Diese Sorgfaltspflichten gelten für Blog-Autoren


Blogs sind eine beliebte Art der Kommunikation im Internet, bei der regelmäßig über bestimmte Sachverhalte berichtet werden kann. In Einzelfällen kommt es jedoch vor, dass sich Personen, über die in einem Blogeintrag berichtet wird, dagegen wehren wollen. Insbesondere können sie der Meinung sein, der Eintrag würde ihren Ruf schädigen oder man hätte ihnen die Möglichkeit geben müssen, Stellung zu nehmen. Welche Sorgfaltspflichten Blogger beachten müssen, wurde in einem Urteil des LG Schweinfurt vom 26.07.2023 (Az. 11 O 458/22) erneut ausgeführt.

Medienstaatsvertrag gibt Rahmen vor

Wenn es um Sorgfaltspflichten beim journalistischen Arbeiten geht, ist der Medienstaatsvertrag (MStV) zu beachten. Insbesondere § 19 MStV bietet eine gute Übersicht darüber, was genau unter Sorgfaltspflichten zu verstehen ist.

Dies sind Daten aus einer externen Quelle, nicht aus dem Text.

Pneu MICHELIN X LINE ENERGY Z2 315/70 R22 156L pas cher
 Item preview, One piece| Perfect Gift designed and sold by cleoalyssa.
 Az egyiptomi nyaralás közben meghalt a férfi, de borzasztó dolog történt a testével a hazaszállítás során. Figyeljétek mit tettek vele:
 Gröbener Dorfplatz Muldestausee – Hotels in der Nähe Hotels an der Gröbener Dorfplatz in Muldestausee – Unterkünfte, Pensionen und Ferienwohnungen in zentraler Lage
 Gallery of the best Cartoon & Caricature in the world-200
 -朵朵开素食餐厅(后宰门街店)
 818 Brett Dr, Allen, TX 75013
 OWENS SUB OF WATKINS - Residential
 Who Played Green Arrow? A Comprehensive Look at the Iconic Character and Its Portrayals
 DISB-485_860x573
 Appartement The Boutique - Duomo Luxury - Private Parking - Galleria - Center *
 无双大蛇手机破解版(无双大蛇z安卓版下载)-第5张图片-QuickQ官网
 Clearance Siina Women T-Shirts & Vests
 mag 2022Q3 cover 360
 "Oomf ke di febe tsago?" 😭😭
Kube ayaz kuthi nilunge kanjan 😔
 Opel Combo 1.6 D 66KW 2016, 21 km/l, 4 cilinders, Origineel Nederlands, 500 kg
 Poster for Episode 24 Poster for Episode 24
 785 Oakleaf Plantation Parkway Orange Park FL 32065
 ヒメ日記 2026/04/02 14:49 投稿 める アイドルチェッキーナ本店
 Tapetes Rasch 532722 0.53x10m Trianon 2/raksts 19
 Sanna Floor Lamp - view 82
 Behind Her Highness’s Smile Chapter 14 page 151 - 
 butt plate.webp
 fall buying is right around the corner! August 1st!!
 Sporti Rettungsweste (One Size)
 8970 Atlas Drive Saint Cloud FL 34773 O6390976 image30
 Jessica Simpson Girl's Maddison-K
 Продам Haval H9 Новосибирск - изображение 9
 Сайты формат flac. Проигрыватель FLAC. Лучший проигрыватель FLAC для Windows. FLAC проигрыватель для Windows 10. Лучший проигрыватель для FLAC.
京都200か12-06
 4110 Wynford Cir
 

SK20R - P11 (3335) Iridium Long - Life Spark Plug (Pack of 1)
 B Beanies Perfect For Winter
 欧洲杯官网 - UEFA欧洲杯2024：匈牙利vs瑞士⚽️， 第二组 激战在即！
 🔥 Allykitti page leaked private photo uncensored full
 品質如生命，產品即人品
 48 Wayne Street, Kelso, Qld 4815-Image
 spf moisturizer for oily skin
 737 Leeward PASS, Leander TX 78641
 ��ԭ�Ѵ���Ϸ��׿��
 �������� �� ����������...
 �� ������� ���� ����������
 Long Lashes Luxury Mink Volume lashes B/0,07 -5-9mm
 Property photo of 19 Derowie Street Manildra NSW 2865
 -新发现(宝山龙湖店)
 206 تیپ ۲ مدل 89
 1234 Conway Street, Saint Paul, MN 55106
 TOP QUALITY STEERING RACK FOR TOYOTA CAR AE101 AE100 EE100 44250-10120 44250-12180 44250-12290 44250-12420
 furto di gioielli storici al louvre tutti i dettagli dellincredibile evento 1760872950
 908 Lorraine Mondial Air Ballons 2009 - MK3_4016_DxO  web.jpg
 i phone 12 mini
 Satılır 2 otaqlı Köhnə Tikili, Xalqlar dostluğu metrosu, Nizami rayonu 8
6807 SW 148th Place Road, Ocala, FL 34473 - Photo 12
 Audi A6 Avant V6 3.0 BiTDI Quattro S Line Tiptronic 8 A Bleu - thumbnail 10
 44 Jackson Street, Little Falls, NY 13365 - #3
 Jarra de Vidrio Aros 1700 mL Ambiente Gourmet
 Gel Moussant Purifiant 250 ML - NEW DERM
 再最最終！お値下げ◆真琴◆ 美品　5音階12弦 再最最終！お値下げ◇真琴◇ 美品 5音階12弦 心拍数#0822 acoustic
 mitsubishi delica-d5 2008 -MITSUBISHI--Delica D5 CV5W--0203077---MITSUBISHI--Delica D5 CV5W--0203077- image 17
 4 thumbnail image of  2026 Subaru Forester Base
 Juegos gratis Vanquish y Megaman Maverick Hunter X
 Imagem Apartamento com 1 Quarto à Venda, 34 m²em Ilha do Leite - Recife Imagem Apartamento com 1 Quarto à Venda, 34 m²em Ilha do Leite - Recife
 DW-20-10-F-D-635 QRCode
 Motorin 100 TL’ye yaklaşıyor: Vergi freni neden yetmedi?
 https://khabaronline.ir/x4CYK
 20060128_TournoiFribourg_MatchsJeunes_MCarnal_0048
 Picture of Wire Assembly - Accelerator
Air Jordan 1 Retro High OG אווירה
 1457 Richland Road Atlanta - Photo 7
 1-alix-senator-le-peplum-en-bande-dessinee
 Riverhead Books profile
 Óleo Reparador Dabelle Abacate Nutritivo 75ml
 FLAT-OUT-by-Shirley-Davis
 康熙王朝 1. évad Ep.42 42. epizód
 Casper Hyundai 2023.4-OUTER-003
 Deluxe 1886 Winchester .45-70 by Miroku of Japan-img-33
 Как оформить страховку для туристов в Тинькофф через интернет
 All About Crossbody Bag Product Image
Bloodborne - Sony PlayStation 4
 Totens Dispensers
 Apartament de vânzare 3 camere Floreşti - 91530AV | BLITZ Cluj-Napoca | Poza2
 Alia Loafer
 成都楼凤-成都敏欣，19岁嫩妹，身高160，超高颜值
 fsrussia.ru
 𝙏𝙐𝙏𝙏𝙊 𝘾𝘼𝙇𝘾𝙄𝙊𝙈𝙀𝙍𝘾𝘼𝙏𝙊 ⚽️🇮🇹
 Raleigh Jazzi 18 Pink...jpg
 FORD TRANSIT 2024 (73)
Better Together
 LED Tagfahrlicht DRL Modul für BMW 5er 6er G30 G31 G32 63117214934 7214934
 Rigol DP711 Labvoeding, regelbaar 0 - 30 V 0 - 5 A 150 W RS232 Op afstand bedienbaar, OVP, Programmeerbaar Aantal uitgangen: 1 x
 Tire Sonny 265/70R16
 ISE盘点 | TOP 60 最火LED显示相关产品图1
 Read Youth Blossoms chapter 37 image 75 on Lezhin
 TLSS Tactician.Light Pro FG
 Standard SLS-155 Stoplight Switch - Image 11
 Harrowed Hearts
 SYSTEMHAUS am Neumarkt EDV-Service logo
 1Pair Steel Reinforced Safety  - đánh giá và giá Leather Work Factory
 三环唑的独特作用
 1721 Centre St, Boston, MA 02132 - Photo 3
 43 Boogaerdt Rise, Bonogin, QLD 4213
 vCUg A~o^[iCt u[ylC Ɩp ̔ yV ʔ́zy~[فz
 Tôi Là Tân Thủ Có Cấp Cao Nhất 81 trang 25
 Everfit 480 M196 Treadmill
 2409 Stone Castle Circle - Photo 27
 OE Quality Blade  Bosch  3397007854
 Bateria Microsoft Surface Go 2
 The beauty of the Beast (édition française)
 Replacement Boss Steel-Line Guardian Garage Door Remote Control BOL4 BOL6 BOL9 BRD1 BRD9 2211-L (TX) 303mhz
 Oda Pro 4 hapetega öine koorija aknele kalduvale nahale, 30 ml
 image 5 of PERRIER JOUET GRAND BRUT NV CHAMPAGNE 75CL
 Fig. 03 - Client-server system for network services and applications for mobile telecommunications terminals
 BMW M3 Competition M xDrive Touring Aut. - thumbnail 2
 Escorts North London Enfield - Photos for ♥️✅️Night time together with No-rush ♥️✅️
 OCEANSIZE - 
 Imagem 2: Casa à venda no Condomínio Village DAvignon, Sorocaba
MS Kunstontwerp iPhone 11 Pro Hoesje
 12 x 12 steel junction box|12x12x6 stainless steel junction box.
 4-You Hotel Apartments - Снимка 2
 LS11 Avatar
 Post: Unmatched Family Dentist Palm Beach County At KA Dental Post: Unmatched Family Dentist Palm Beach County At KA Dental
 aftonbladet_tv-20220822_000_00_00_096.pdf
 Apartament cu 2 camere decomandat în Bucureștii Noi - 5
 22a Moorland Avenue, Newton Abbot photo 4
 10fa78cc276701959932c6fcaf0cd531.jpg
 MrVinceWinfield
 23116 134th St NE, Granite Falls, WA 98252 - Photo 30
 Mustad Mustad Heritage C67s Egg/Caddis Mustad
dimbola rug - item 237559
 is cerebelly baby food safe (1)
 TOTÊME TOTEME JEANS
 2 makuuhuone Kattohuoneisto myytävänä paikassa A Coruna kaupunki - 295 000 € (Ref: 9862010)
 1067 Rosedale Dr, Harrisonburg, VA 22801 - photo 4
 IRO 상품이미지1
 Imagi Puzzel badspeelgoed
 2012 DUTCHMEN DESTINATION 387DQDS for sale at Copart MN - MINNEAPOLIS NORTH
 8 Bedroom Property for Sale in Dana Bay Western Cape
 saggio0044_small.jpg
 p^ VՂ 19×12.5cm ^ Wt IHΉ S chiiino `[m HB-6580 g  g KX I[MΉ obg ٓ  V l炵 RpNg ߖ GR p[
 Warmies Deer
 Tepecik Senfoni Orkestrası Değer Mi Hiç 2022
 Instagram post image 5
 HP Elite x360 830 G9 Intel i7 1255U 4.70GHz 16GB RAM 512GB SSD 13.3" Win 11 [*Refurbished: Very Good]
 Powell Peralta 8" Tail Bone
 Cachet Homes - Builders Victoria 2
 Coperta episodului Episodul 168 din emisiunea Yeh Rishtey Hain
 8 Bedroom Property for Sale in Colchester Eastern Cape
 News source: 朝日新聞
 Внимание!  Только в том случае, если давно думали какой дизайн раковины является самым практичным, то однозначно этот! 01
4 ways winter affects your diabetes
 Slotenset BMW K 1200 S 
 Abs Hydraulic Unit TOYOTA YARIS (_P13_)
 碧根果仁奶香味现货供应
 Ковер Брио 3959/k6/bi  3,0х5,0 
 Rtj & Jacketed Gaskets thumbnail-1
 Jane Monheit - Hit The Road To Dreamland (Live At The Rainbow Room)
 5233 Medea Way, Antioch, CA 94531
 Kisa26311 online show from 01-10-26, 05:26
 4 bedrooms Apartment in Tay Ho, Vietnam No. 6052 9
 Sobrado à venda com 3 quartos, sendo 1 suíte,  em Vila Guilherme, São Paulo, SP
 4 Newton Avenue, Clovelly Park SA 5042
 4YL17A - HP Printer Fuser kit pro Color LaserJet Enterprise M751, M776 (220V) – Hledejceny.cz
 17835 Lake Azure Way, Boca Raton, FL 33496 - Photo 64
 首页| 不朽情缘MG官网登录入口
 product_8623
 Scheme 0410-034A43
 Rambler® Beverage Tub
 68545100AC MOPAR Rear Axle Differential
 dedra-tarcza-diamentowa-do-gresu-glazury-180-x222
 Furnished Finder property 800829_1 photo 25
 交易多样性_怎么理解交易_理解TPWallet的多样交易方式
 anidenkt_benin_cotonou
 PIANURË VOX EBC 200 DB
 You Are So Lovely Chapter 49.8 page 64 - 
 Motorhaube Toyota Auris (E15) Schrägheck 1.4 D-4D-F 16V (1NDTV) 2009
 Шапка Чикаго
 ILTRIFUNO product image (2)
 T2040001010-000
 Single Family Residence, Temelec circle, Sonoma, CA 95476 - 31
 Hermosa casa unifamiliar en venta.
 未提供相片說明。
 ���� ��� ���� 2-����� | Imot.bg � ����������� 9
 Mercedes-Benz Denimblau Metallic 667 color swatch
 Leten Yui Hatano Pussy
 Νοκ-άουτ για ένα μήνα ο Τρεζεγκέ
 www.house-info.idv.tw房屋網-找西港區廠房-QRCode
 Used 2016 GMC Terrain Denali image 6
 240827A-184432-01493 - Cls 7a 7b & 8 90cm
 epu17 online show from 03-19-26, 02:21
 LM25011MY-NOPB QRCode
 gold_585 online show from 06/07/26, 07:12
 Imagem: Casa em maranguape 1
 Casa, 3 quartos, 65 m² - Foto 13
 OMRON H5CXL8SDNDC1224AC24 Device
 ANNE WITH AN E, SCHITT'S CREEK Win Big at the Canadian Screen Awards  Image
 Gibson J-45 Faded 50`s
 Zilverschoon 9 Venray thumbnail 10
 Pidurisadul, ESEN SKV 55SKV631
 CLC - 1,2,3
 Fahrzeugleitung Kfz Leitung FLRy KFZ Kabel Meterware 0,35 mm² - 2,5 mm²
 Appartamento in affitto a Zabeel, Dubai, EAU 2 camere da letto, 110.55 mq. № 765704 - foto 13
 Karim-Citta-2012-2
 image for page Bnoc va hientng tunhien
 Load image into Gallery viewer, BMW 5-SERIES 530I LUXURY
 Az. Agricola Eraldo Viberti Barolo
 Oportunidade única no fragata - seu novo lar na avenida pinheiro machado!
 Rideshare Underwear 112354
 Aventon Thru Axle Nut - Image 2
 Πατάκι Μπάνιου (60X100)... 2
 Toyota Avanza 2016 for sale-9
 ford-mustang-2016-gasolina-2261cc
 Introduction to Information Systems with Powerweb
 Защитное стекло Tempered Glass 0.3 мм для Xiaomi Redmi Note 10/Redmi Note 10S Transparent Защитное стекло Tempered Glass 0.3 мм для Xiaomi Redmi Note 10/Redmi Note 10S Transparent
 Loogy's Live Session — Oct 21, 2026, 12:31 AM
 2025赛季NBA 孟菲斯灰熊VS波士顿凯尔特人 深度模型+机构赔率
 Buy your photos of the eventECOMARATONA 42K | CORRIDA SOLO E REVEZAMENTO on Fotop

Hier einige Auszüge:

§ 19 Abs. 1 MStV: Sorgfaltspflichten

S. 1: Telemedien mit journalistisch-redaktionell gestalteten Angeboten, in denen insbesondere vollständig oder teilweise Inhalte periodischer Druckerzeugnisse in Text oder Bild wiedergegeben werden, haben den anerkannten journalistischen Grundsätzen zu entsprechen.

S. 2: Gleiches gilt für andere geschäftsmäßig angebotene, journalistisch-redaktionell gestaltete Telemedien, in denen regelmäßig Nachrichten oder politische Informationen enthalten sind und die nicht unter Satz 1 fallen.

S. 3: Nachrichten sind vom Anbieter vor ihrer Verbreitung mit der nach den Umständen gebotenen Sorgfalt auf Inhalt, Herkunft und Wahrheit zu prüfen.

[...]


Man erkennt hier schnell, dass eine gewisse Schwelle erreicht werden muss, damit man diese Anforderungen beachten muss. Nicht jeder Internetartikel ist automatisch journalistisch-redaktionell gestaltet.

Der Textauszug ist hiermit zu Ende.